[Data excerpts]
- - -
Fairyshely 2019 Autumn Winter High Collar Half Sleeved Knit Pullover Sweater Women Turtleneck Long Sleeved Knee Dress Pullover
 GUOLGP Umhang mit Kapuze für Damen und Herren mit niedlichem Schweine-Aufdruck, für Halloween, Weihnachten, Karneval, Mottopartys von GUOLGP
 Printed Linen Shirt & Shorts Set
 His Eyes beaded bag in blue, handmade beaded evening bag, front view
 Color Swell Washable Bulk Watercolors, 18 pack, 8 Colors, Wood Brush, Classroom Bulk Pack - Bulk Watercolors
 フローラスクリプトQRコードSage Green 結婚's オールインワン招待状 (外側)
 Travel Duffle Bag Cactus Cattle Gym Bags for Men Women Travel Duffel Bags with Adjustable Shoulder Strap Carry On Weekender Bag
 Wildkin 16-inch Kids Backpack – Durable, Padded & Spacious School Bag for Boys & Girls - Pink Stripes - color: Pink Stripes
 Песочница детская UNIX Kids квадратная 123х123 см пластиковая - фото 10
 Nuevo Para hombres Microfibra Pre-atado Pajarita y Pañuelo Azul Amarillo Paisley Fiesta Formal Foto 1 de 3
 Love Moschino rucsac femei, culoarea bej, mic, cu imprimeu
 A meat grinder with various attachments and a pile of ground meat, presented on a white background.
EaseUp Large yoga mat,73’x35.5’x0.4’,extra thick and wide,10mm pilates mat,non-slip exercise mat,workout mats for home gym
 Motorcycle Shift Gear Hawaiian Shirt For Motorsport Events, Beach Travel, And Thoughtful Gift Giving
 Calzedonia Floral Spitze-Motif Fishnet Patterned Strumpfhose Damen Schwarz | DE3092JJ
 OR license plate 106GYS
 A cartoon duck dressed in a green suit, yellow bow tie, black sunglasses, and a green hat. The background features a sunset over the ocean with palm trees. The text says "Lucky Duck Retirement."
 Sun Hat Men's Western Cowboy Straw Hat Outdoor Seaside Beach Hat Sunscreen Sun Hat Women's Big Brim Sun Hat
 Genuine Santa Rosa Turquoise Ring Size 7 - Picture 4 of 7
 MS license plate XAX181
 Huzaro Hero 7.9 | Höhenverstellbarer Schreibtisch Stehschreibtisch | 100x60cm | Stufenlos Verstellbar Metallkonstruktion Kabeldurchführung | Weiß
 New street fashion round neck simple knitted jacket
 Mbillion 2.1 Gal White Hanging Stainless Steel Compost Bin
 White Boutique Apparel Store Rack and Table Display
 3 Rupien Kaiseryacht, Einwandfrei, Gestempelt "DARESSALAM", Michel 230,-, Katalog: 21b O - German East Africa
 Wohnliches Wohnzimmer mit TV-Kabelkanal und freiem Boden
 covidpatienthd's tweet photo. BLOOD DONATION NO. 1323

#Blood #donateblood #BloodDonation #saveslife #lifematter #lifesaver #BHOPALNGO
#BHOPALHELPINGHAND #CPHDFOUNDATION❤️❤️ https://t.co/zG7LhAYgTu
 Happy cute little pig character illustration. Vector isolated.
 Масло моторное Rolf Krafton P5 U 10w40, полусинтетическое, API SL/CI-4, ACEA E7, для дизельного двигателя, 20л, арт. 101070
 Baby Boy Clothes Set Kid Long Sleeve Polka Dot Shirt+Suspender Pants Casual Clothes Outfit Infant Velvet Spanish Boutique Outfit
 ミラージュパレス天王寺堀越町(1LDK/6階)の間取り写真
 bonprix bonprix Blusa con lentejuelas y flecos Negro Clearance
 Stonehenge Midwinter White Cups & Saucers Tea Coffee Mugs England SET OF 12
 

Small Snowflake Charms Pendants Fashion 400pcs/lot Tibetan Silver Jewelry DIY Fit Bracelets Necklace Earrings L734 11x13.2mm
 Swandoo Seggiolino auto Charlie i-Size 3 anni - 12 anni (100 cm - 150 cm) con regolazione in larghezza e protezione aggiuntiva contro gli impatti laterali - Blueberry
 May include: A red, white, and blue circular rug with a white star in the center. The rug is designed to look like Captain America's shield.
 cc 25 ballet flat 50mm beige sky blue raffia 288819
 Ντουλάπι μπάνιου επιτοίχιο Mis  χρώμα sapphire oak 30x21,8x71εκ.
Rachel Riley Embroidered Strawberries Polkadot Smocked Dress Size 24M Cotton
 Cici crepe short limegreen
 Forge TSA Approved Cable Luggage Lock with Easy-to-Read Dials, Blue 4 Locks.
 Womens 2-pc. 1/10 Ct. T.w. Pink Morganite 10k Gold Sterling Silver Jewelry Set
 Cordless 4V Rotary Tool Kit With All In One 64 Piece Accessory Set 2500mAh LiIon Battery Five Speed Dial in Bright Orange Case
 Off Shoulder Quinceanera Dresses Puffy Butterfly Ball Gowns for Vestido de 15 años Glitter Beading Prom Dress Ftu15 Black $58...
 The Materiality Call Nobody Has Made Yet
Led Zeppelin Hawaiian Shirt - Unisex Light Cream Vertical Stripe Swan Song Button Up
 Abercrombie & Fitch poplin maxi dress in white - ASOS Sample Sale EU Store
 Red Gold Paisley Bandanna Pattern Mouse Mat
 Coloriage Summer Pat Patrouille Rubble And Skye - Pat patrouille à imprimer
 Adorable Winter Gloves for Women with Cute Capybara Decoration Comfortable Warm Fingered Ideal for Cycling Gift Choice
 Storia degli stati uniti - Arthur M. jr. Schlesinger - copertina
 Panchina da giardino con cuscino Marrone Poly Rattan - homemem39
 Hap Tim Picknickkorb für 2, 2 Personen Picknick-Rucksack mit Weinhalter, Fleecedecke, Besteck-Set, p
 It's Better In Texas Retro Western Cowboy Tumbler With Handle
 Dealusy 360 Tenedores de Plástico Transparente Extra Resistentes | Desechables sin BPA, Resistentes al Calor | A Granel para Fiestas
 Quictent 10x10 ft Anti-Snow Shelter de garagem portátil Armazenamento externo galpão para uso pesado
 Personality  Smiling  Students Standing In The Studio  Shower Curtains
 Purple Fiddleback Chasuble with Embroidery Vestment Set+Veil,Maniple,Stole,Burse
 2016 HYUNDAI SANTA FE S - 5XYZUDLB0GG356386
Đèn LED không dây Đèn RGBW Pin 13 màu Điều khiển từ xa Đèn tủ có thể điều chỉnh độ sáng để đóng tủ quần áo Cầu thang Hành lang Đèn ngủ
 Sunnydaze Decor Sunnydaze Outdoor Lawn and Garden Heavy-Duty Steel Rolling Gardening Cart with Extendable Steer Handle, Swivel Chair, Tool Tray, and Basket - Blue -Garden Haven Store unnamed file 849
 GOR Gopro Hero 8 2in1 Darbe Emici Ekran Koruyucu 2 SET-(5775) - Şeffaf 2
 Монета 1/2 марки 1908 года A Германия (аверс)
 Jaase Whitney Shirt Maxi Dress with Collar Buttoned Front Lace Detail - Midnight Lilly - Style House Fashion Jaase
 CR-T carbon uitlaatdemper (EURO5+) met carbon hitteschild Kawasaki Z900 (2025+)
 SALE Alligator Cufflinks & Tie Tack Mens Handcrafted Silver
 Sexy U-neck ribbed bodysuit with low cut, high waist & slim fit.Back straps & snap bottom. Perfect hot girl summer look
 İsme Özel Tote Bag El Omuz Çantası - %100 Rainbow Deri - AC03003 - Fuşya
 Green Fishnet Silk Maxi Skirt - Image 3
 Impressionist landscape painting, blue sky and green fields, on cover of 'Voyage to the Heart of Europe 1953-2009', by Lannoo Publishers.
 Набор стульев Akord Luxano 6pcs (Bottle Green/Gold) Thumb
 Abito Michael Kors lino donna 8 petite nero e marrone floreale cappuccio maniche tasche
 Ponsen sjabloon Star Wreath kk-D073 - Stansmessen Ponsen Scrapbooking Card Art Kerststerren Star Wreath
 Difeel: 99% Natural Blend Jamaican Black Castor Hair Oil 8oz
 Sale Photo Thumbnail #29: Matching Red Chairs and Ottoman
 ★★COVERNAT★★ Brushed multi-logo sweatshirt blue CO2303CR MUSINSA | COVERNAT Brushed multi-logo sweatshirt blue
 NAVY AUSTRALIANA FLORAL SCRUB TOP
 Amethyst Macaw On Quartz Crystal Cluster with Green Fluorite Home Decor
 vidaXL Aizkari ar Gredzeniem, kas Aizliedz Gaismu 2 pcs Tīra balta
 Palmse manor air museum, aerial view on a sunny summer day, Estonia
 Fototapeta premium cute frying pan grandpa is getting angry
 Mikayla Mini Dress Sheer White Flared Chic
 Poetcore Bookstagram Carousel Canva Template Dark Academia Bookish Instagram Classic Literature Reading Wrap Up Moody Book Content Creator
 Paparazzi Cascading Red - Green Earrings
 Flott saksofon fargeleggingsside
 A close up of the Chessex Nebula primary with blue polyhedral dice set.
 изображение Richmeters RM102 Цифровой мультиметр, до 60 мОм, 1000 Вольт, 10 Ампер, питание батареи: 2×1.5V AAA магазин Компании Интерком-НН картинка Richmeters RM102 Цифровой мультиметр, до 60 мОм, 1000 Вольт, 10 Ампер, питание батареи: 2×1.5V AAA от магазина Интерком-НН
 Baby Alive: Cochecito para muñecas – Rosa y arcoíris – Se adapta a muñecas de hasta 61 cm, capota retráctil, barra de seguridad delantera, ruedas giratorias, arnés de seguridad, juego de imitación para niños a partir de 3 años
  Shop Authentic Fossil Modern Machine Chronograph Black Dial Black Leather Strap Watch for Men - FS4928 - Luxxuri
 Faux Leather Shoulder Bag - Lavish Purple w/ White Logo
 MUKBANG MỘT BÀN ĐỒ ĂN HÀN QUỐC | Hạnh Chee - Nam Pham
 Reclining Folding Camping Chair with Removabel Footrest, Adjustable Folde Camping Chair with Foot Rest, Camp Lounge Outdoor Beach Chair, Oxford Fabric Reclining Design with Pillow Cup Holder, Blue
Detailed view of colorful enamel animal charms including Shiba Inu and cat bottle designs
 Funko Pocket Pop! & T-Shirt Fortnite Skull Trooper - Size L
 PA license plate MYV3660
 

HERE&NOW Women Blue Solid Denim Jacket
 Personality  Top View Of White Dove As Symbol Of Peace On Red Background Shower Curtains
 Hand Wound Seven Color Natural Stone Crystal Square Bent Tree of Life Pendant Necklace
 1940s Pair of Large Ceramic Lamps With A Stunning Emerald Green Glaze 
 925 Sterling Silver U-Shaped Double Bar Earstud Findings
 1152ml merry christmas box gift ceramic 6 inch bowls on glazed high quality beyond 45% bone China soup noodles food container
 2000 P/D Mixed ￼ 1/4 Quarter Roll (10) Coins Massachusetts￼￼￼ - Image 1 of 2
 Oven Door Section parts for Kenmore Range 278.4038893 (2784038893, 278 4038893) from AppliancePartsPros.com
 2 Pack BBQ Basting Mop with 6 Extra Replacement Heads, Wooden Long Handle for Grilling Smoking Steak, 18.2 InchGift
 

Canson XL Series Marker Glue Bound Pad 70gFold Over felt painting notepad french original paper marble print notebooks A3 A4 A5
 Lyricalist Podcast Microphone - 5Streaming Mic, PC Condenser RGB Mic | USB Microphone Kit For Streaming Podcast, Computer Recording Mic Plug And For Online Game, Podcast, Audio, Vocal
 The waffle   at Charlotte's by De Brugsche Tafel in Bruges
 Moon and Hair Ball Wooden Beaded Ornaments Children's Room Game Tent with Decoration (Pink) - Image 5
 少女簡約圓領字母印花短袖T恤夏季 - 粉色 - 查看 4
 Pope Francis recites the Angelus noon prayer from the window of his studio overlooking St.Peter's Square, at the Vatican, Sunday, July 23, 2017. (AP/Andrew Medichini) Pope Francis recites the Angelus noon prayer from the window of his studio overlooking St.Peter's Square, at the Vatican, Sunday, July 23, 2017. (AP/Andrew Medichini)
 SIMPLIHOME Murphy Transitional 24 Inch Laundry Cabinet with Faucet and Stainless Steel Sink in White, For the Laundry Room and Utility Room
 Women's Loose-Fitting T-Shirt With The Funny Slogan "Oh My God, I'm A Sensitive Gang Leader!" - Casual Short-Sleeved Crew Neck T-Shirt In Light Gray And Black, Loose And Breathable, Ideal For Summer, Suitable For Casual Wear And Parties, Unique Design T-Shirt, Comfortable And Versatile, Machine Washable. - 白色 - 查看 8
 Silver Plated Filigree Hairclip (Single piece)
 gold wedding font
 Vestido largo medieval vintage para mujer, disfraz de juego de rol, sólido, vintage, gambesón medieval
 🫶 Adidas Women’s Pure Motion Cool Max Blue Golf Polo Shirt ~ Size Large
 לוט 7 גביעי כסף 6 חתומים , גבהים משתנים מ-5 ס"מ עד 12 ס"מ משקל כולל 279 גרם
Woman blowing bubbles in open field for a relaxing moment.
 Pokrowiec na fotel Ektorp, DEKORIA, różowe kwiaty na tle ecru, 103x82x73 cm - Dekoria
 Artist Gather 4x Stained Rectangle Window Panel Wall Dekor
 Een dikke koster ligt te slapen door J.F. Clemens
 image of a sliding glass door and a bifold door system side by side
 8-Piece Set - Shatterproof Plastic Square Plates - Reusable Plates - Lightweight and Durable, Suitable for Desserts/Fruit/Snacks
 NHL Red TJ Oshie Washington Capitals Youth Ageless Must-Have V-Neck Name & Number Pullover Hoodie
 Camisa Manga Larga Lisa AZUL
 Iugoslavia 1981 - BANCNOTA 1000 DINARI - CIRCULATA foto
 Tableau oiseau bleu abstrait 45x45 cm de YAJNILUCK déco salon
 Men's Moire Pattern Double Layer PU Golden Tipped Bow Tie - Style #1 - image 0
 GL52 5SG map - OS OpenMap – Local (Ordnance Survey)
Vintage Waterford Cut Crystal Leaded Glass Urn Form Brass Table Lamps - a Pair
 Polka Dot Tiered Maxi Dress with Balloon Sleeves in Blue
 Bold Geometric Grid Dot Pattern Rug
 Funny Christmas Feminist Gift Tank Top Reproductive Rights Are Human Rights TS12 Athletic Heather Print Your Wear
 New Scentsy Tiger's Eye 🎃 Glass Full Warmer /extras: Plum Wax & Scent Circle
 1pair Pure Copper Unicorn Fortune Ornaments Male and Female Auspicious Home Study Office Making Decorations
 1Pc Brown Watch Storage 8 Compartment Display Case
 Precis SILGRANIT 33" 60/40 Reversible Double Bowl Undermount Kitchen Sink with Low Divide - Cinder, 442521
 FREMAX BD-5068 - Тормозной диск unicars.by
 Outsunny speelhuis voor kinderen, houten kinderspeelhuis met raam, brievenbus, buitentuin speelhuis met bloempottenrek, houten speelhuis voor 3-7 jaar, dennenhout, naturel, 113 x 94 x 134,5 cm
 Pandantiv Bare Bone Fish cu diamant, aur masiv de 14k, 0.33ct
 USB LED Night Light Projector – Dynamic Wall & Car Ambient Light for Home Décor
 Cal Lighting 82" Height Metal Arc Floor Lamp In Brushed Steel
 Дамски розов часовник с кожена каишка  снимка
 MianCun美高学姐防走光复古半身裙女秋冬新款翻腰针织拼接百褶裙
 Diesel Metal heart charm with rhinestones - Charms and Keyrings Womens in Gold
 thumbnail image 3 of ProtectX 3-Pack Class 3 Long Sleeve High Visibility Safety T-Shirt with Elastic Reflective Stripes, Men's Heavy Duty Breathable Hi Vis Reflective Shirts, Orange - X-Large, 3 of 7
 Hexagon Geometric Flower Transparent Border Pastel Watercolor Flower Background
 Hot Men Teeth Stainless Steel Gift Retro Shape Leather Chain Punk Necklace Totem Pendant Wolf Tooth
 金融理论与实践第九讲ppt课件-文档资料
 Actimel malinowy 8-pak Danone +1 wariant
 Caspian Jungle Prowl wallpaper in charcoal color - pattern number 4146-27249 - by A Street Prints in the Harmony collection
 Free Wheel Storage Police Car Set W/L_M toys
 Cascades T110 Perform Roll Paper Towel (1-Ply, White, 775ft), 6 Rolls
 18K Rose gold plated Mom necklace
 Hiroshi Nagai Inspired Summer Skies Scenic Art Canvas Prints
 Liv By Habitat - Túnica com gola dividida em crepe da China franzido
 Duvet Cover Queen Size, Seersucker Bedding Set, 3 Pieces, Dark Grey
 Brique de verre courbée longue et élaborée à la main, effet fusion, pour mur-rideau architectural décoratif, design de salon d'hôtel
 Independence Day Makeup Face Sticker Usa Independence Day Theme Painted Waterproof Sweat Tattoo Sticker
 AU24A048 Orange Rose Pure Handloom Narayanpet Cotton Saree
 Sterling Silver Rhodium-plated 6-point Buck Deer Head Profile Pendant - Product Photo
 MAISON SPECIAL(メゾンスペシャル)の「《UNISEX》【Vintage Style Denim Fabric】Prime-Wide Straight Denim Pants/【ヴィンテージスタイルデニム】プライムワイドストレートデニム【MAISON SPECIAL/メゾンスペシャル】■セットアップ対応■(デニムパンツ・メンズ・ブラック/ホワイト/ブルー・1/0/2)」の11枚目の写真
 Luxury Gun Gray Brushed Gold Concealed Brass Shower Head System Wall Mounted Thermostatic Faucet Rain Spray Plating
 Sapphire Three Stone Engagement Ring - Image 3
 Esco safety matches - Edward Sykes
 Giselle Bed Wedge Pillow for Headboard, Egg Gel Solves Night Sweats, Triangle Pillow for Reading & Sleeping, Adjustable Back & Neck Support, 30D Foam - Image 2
- - -
§ EXERCISE PROMPT
Give back, exactly as written, the stretch from the line with "New street fashion" through the line with "#BHOPALHELPINGHAND #CPHDFOUNDATION❤️❤️ https://t.co/zG7LhAYgTu", and no other lines from the records above.

§ RESULT OF THIS TASK
 New street fashion round neck simple knitted jacket
 Mbillion 2.1 Gal White Hanging Stainless Steel Compost Bin
 White Boutique Apparel Store Rack and Table Display
 3 Rupien Kaiseryacht, Einwandfrei, Gestempelt "DARESSALAM", Michel 230,-, Katalog: 21b O - German East Africa
 Wohnliches Wohnzimmer mit TV-Kabelkanal und freiem Boden
 covidpatienthd's tweet photo. BLOOD DONATION NO. 1323

#Blood #donateblood #BloodDonation #saveslife #lifematter #lifesaver #BHOPALNGO
#BHOPALHELPINGHAND #CPHDFOUNDATION❤️❤️ https://t.co/zG7LhAYgTu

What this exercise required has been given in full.